Towards Scene Graph Anticipation
This addresses the challenge of predicting future object interactions in dynamic scenes for applications like robotics and video understanding, though it is incremental as it adapts existing scene graph methods.
The paper tackles the problem of long-term anticipation of fine-grained pair-wise relationships between objects in videos, introducing the Scene Graph Anticipation task and proposing SceneSayer, which uses NeuralODE and NeuralSDE to model relationship evolution and achieves validated efficacy on the Action Genome dataset.

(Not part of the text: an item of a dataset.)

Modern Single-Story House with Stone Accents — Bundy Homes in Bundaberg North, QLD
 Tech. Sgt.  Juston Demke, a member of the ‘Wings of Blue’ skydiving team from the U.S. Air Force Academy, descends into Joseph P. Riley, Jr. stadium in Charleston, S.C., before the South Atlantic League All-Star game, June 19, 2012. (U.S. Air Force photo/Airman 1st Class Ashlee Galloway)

Spatio-temporal scene graphs represent interactions in a video by decomposing scenes into individual objects and their pair-wise temporal relationships. Long-term anticipation of the fine-grained pair-wise relationships between objects is a challenging problem. To this end, we introduce the task of Scene Graph Anticipation (SGA). We adapt state-of-the-art scene graph generation methods as baselines to anticipate future pair-wise relationships between objects and propose a novel approach SceneSayer. In SceneSayer, we leverage object-centric representations of relationships to reason about the observed video frames and model the evolution of relationships between objects. We take a continuous time perspective and model the latent dynamics of the evolution of object interactions using concepts of NeuralODE and NeuralSDE, respectively. We infer representations of future relationships by solving an Ordinary Differential Equation and a Stochastic Differential Equation, respectively. Extensive experimentation on the Action Genome dataset validates the efficacy of the proposed methods.